# Apple watch for MTB?



## JetSedgwick (Jun 14, 2016)

Does the Apple Watch help with turn by turn directions? With Trailforks you can look at your phone and figure out which way to go but does the watch have this same "offline-ish" function when cell signal is weak? 

and/or is it useful?


----------



## KingOfOrd (Feb 19, 2005)

I don't think trail forks has an app for the watch. I could be wrong though. I use my apple watch for basic strava features on a ride. Time, mileage, average speed and heart rate is what I'm looking at. What I really like about the watch is pairing it with my wireless beats headphones. It's really easy to change the tunes, and also receive phone calls from the old lady.


----------



## JetSedgwick (Jun 14, 2016)

Train Wreck said:


> I don't think trail forks has an app for the watch. I could be wrong though. I use my apple watch for basic strava features on a ride. Time, mileage, average speed and heart rate is what I'm looking at. What I really like about the watch is pairing it with my wireless beats headphones. It's really easy to change the tunes, and also receive phone calls from the old lady.


I didn't even think of that. Thanks!


----------



## Whiterabbitt (May 16, 2020)

I’m interested in this also. Is there a way to browse the app store for watch WITHOUT a watch?

I like mtb project, and other non-strava, non trailforks apps. I get a map and GPS overlay of me and my track, so I can stop at any fork and verify where I’ve been and which way I want to go.

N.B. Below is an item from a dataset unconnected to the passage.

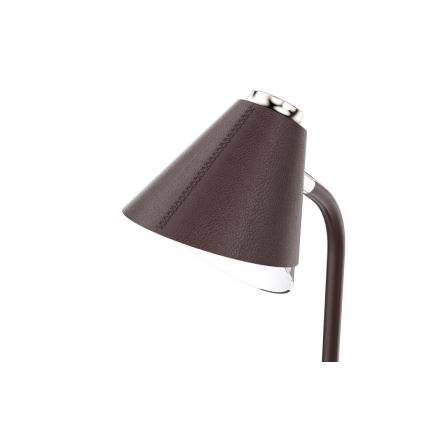 LED Stmievateľná stolná lampa s bezdrôtovým nabíjaním FINCH LED/9W/12/230V hnedá/zlatá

That’s super sweet, but I’m doing that now by quadlock and an iphone. That’s cool, but the battery dies in just under 3 hours, so I have to huck around a battery too, and if I crash, the negatives just go on and on.

Watch, I can stop, look at wrist, go. Get cell signal from the phone safely tucked away and take the bright blue quadlock beacon off my handlebars, much less have a high dollar tech there to act as an airbag for the next bike crash.


----------



## blaklabl (Mar 14, 2011)

JetSedgwick said:


> Does the Apple Watch help with turn by turn directions? With Trailforks you can look at your phone and figure out which way to go but does the watch have this same "offline-ish" function when cell signal is weak?
> 
> and/or is it useful?


Trailforks does not have an Apple Watch app (although I wish they did). You must use your phone.


----------



## Ogre (Feb 17, 2005)

I use my Apple Watch all the time on rides but I just stick to the built in ride recorder. As above poster mentioned, it's great for controlling tunes and making quick text messages/ phone calls. Also, makes a great remote for the the camera.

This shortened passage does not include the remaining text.